Cavill był w trakcie zdjęć do „Fallout”, kiedy został wezwany w trybie pilnym do dogrywek na planie „Ligi Sprawiedliwości”. Nie mógł pozbyć się w związku z udziałem w „Mission: Impossible” wąsa, więc w filmie DC ten został usunięty cyfrowo. Co było widać. I był kolejnym przykładem na niezbyt udany film. Wróćmy jednak do szpiegów. Cavill wypada całkiem nieźle, aczkolwiek tak ładna zmanierowana twarz nie ma do zaoferowania nic nowego. Gaśnie także nieco aktorski blask Seana Harrisa, który w poprzedniej odsłonie był naprawdę niezły.
Film, co nie dziwne, dostarcza najwięcej w trakcie scen akcji. Pościgi, strzelaniny, walki na pięści – to wszystko prezentuje się naprawdę nieźle, ale brakowało mi czegoś świeżego. Wiecie, pościgi ciasnymi uliczkami Paryża widzieliśmy już wielokrotnie (najlepszy to wciąż „Krucjata Bourne’a”, pojedynki z azjatyckimi mistrzami sztuk walki w łazience także i poza dobrą koordynacją walk tak naprawdę nie ma tutaj nic nowatorskiego. No, może poza sceną pościgu, gdzie twórcy mieli na przykład tylko na godzinę dostępne rondo wokół Łuku Triumfalnego, a udało się fajnie tę scenę zrealizować.
Wrażenie, co również oczywiste, robią kaskaderskie popisy. Nie tylko skakanie między budynkami, bijatyki czy jazda na motorze (oraz wypadek) robił osobiście Cruise, ale i scenę skoku spadochronowego z dużej wysokości Tom wykonał osobiście:
Generalnie, szanuję, jak zawsze.
I choć film pewnie niedociągnięcia w zdjęciach tuszuje dynamicznym montażem, tak ma kilka dłuższych sekwencji bez cięcia i w tym aspekcie robi niezłe wrażenie. Muzycznie film nieco leży. Nie chodzi jedynie o dość rzadkie wykorzystanie głównego, znanego chyba wszystkim motywu, ale także o dość oklepaną i niezbyt oryginalną ścieżkę dźwiękową, która momentami zbyt na siłę chce sugerować tonację danej sceny.

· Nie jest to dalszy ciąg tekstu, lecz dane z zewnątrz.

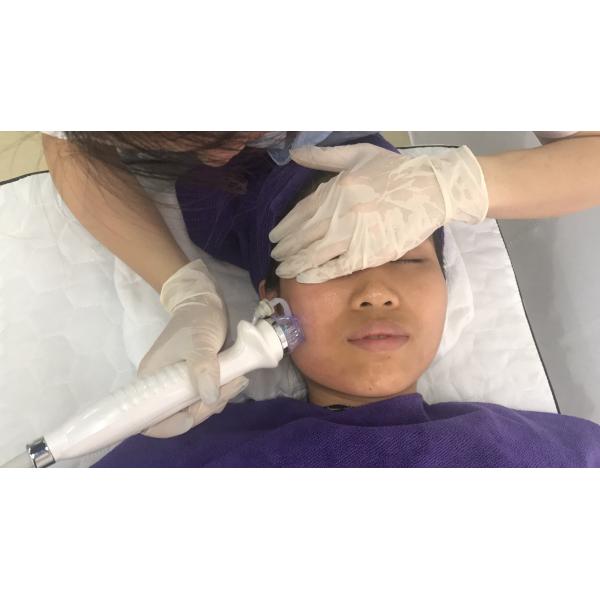 máquina de la elevación de cara del retiro de la cicatriz 5Mhz Microneedle RF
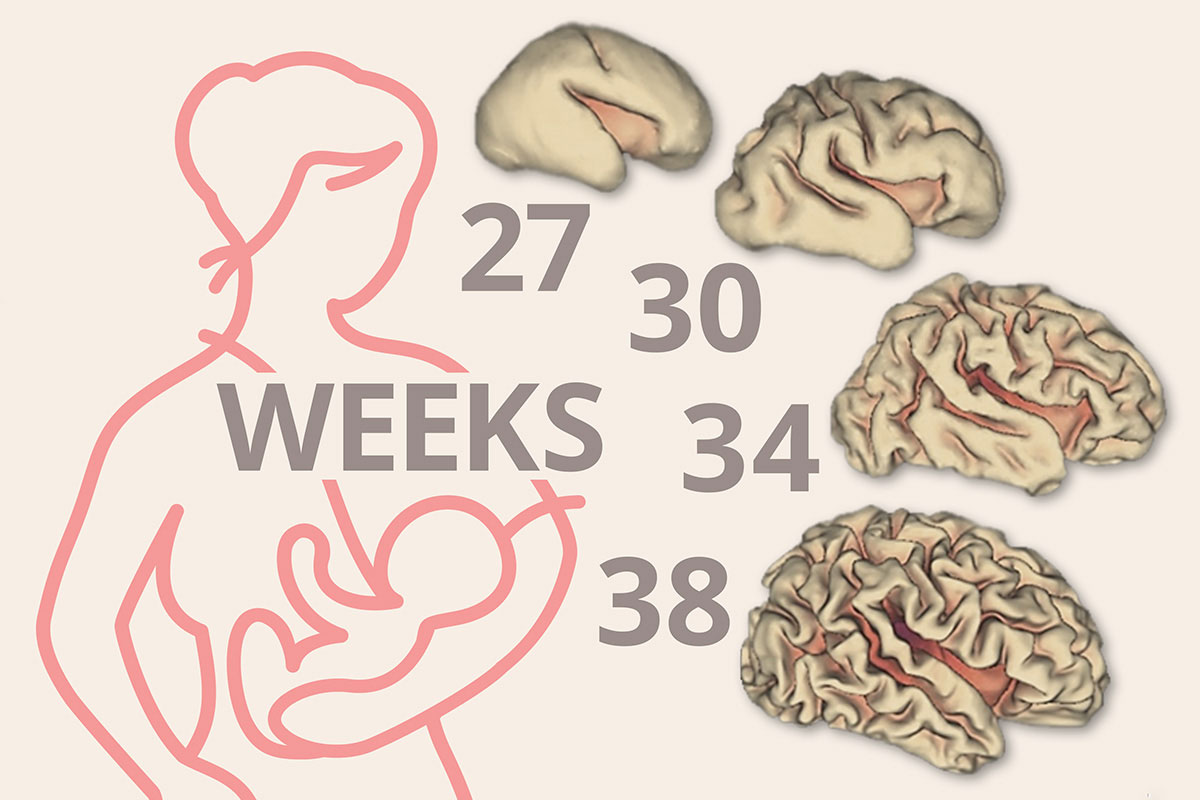 Because babies born prematurely are still developing, they typically have smaller brains than full-term infants. Shown are depictions of the cortical-surface area of the brain at different points in gestation.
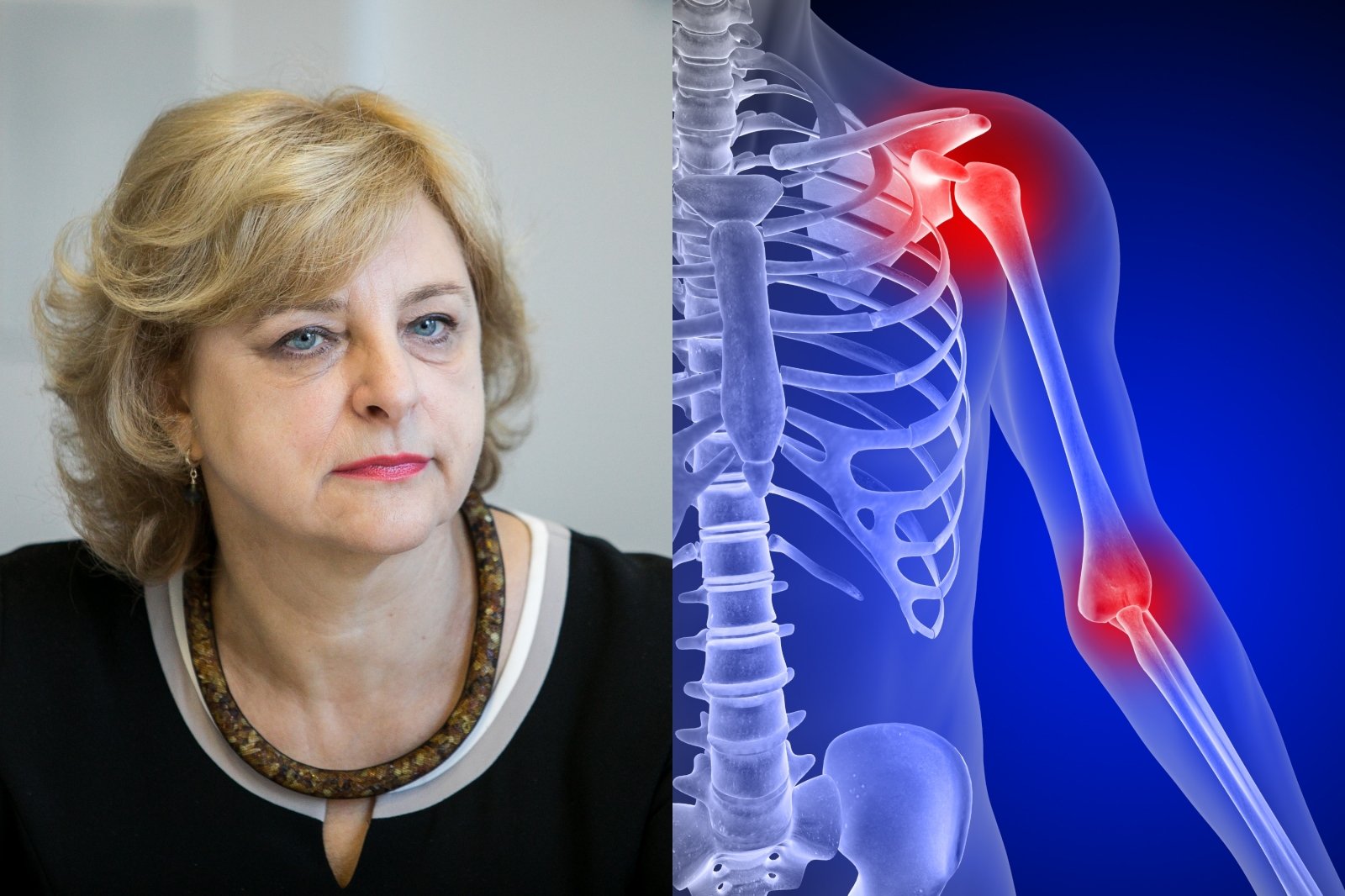 physio gydymas osteoartrito trina tinktūros už sąnarių skausmas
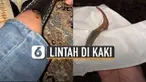 Perempuan itu menemukan lintah yang sudah menghisap darahnya di dalam kaos kaki.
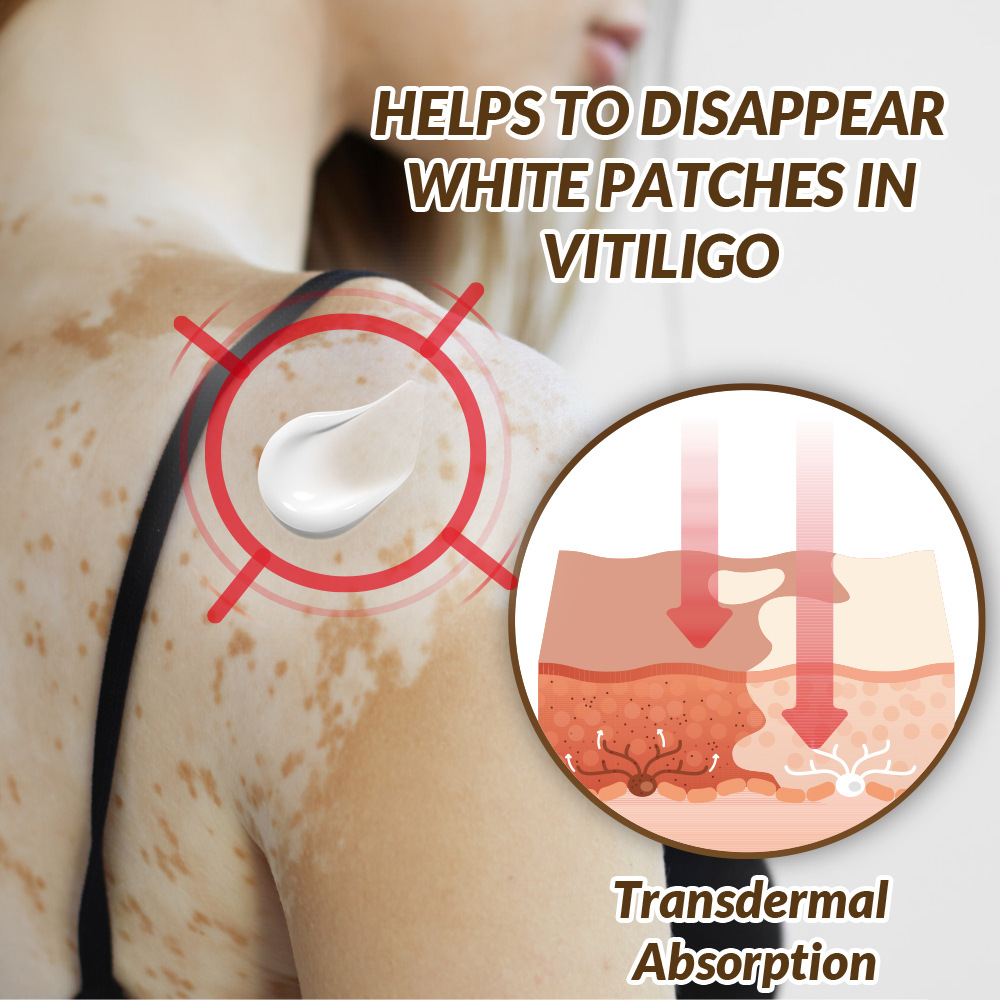 Sumifun Vitiligo Care Cream 30ml | Pigmentation Care Cream | Botanical Skin Care Formula | Daily Skin Care | External Use - Image 2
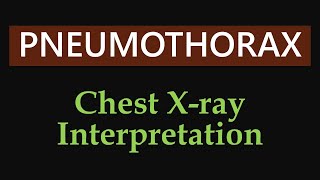 Pneumothorax amp Tension Pneumothorax  Chest Xray Interpretation [upl. by Aiket]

Reasumując, „Mission: Impossible Fallout” na pewno nie jest najlepszą odsłoną serii. Ba, jestem nią nieco rozczarowany. Zatraciła w sobie gdzieś tę magię, która zawsze Huntowi towarzyszyła. Scenariusz pozostawia wiele do życzenia, a przez to inne elementy nie potrafią zrobić odpowiednio większego wrażenia. Nie oznacza to jednak, że mamy do czynienia z całkiem solidnym akcyjniakiem, który może kilkoma scenami akcji dostarczyć widzowi sporo frajdy. Nie sądzę jednak, bym zapamiętał go tak długo jak „Ghost Protocol”.